= Online Consciousness Conference =

The Online Consciousness Conference held at Consciousness Online was founded in 2008 by Richard Brown, then a graduate student at the CUNY Graduate Center. The conference was inspired by and partially modeled on the Online Philosophy Conference started by Thomas Nadelhoffer and Eddie Nahmias, with one major difference being the heavy use of homemade video and audio presentations, and another difference being the restricted focus of the conference on consciousness studies as opposed to all of philosophy.

==The conferences==
The first conference was held February 20 – March 4, 2009 with the theme "Philosophers Facing Phenomenal Consciousness" and a keynote given by David M. Rosenthal. Papers from this conference were subsequently published in the Journal of Consciousness Studies.
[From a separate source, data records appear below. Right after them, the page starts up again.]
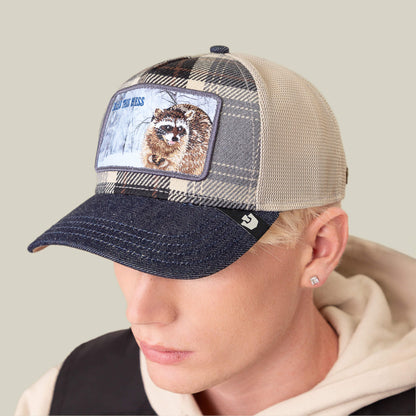 A person wearing the Goorin Bros. "Free Spirited" mesh baseball cap, featuring a plaid crown, denim brim, and raccoon patch, looks downward.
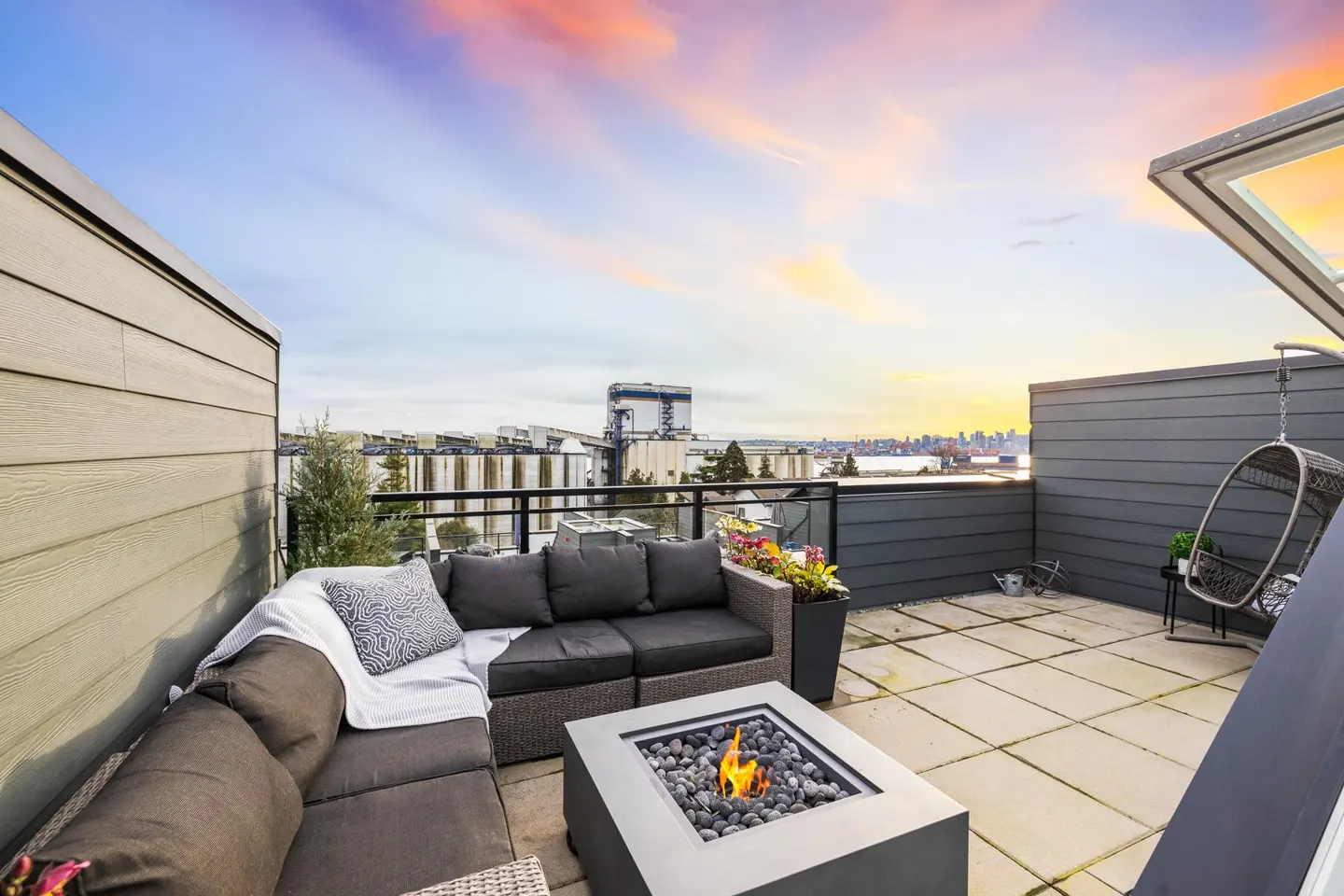 Rooftop patio with gray wicker sofa, fire pit, and hanging chair. City skyline and colorful sunset in the background.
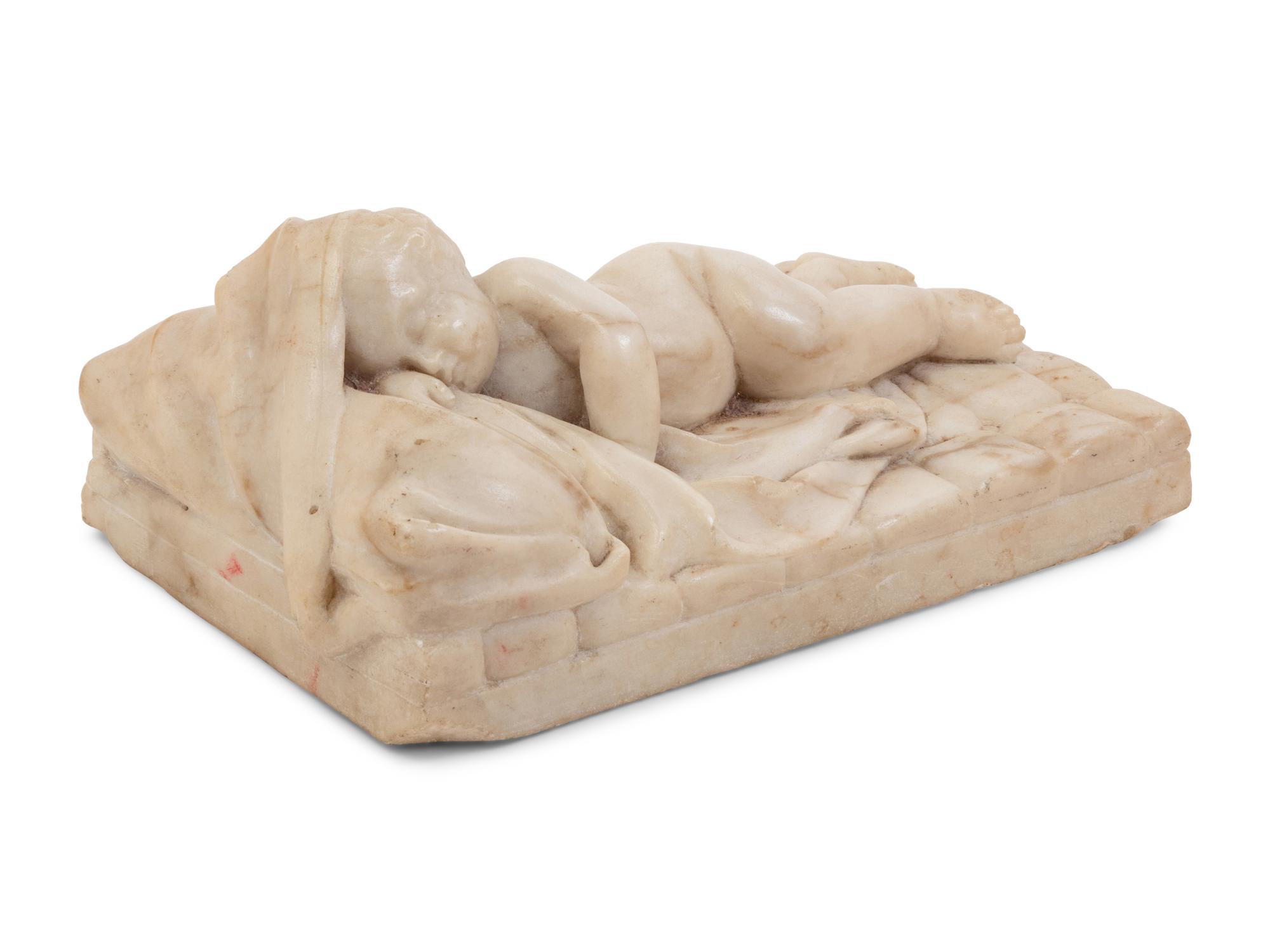 An Italian Carved Marble Figure of the Sleeping Christ Child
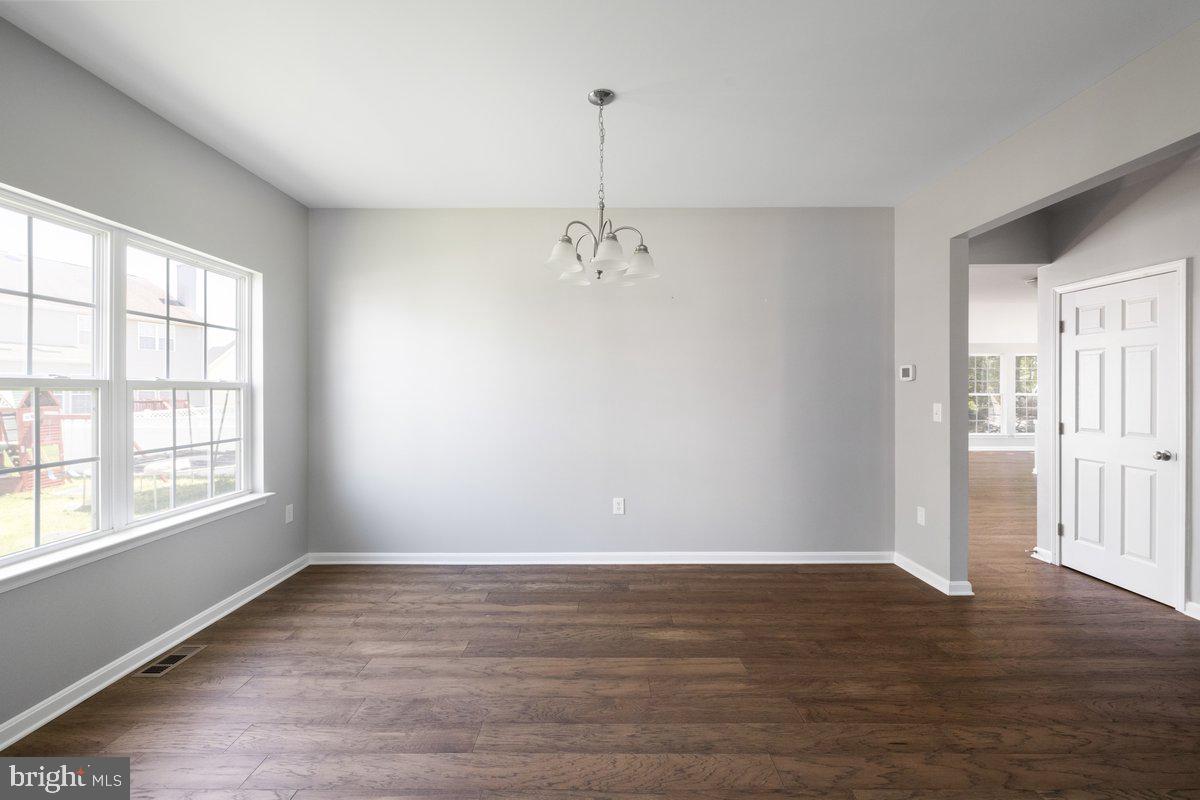 12 Glenbrook Road Ranson, WV 25438 - Photo 5 of 35 wooden floor in an empty room with a window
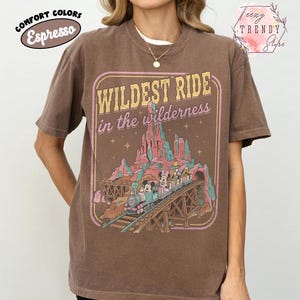 Może przedstawiać: T-shirt w kolorze espresso z grafiką w stylu vintage. Grafika głosi "Wildest Ride in the Wilderness" z pociągiem i postaciami. Koszulka ma okrągły dekolt i kr&oacute;tkie rękawy. Koszulka jest w kolorze komfortowym.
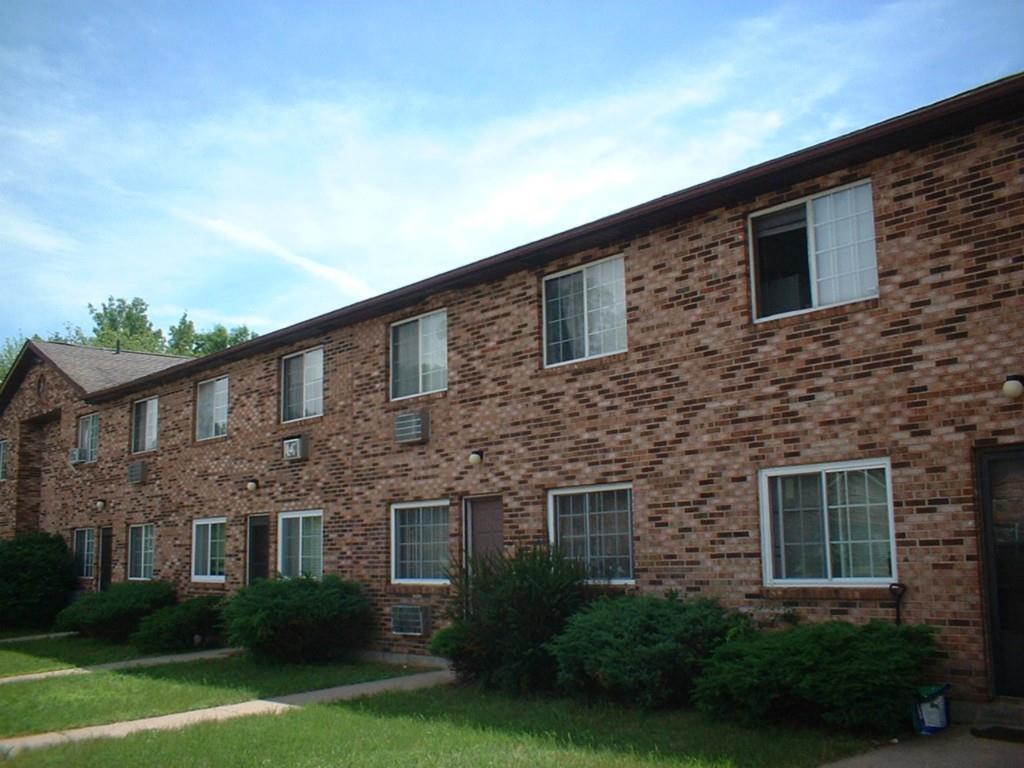 a brick house that has a lots of windows in it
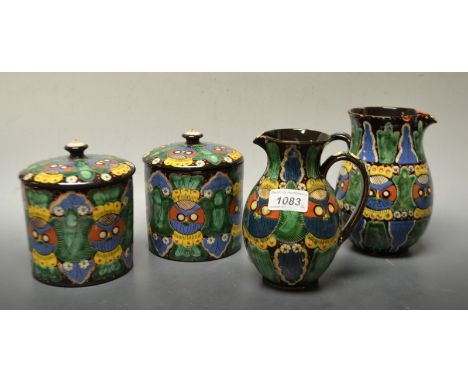 A late 19th century Majolica Thoune Owl design pitcher signed W Heimberg; another smaller; a pair of storage jars (4)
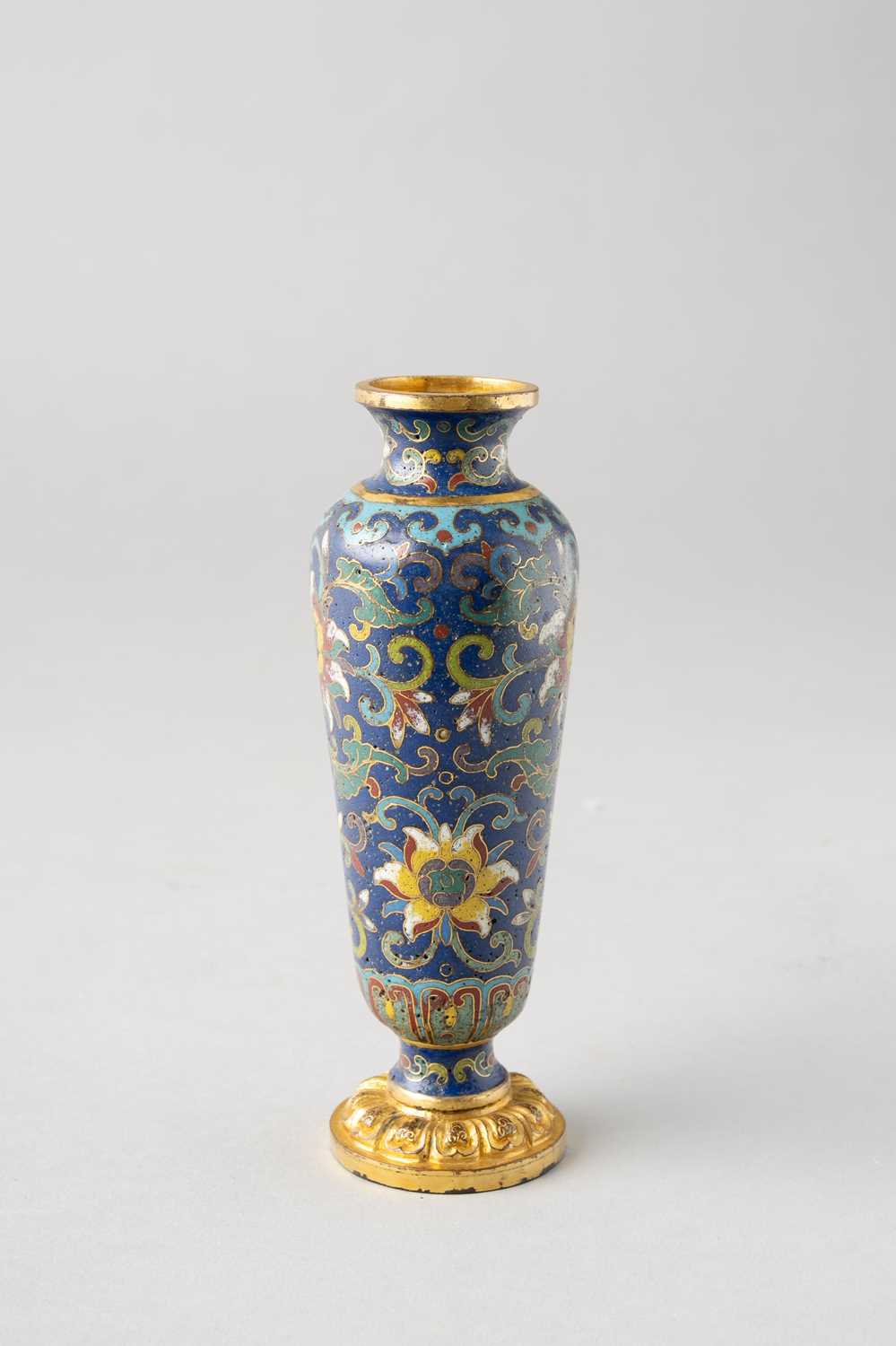 A TALL CHINESE CLOISONNE ENAMEL 'LOTUS' VASE 18TH CENTURY The slender body tapering towards a gently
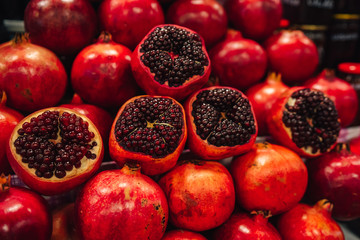 Juicy and ripe pomegranate with peel taken off, exposing fresh seeds, laying on pile of pomegranates
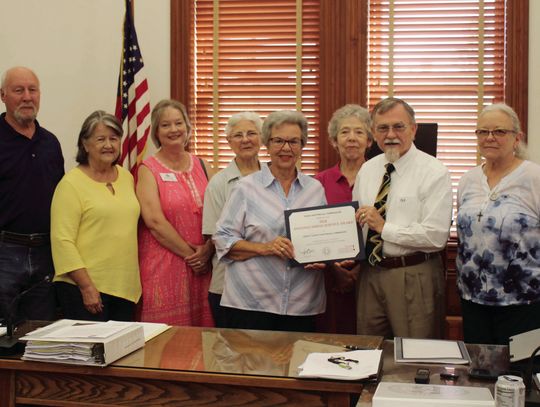 Members of the DeWitt County Historical Commission gather around County Judge Daryl Fowler at Monday’s Commissioner’s Court to celebrate the 2024 Distinguished Service Award from the Texas Historical Commission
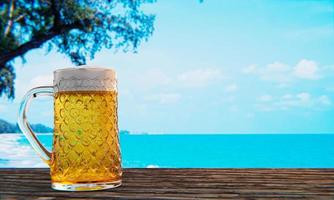 Bier vom Fass oder Craft Beer in einem hohen klaren Glas mit Bierschaum oben und es gibt Blasen im Glas. kaltes bier in einem glas, aufgestellt auf einem holztisch am strand, tagsüber das meer. 3D-Rendering foto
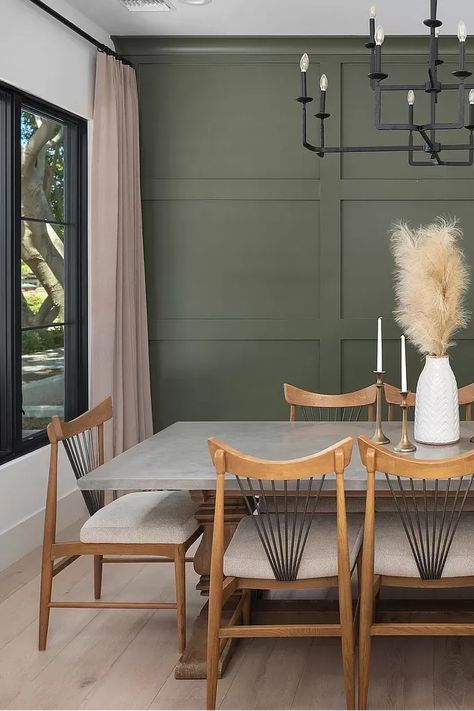 This sophisticated dining room elevates entertaining with a stunning green wood accent wall.  The rich wood tones of the table and chairs complement the natural element, creating a warm and inviting atmosphere. Perfect for hosting memorable meals with a touch of modern flair. #diningroom #diningroomset #elegantdining #furniture #interiordesign #homedecor #classicdesign #timelessstyle #entertaining #dinnerparty #familymeals #greenaccentwall #greendecor #woodaccents #naturalliving #biophilicdesign Dark Green Dining Room Accent Wall, Hunter Green Dining Room Walls, Two Tone Wall Dining Room, Green Wood Accent Wall, Green Wall Dining Room, Green Accent Wall Dining Room, Green Dining Room Paint, Dark Green Dining Room, Dining Room Color Palette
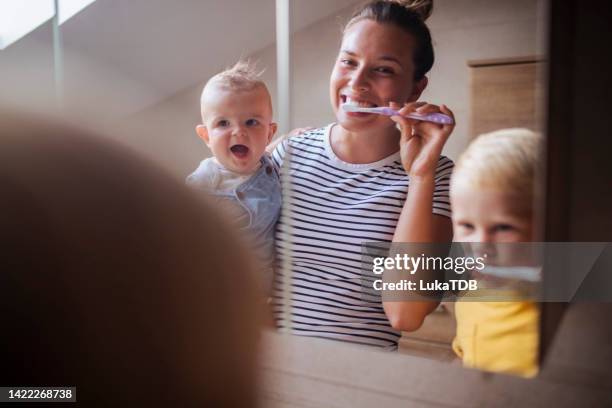 während die mutter den kleinen jungen in den armen hält, putzen sie und ihr anderer sohn sich die zähne - baby tooth stock-fotos und bilder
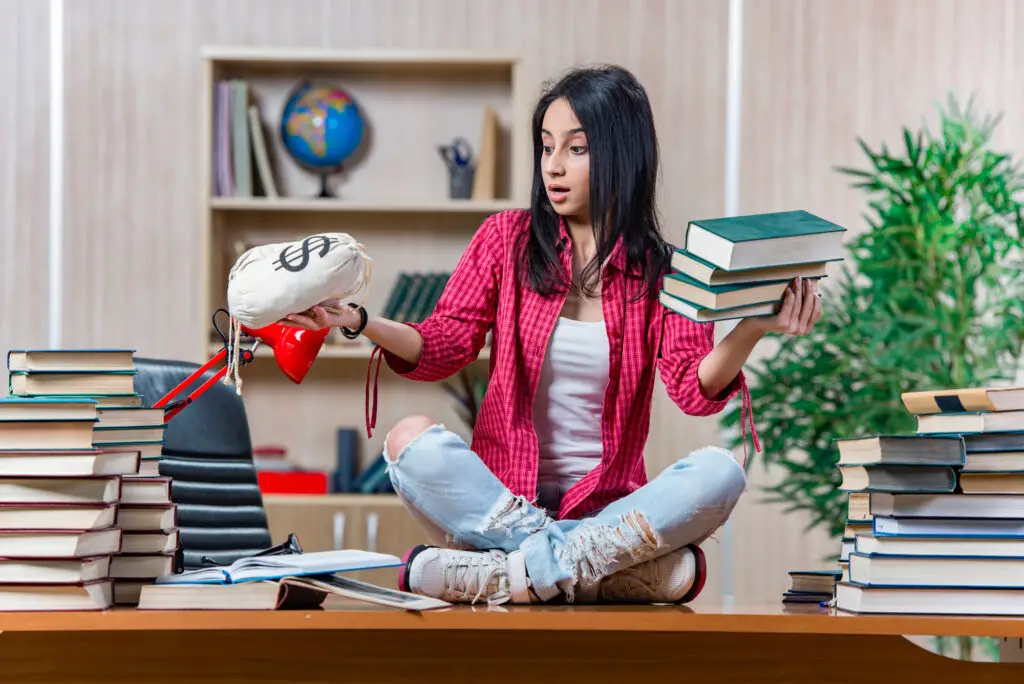 A female college student sitting on a desk surrounded by books and holding a moneybag to signify most expensive colleges
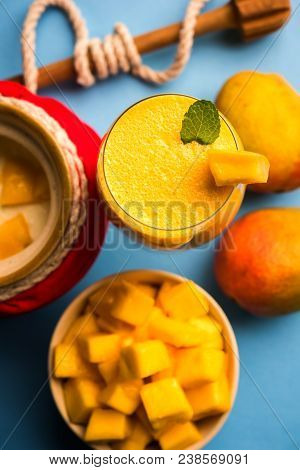 Mango Lassi Or Smoothie In Big Glass Or Small Bottles With Curd, Cut Fruit Pieces And Blender. Moody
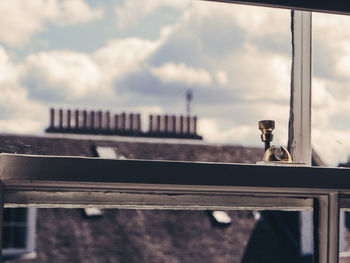 Close-up of coin-operated binoculars against sky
The second conference was held February 19 – March 5, 2010 with the theme "Lessons and Limits from the Empirical Study of Consciousness" with keynote talks by Hakwan Lau (psychology Columbia) with commentary by Ned Block, David Rosenthal and David Chalmers, and Collin Clifford (psychology University of Sydney). Papers from it are due to be published in Consciousness and Cognition. The third conference was held February 18 – March 4, 2011 with the theme "Neurophilosophy and the Philosophy of Neuroscience" and featured invited talks from Paul Churchland, Kathleen Akins, Stevan Harnad and Jesse Prinz.

Past presentations and the discussion at the conference is preserved online and can be viewed at Consciousness Online.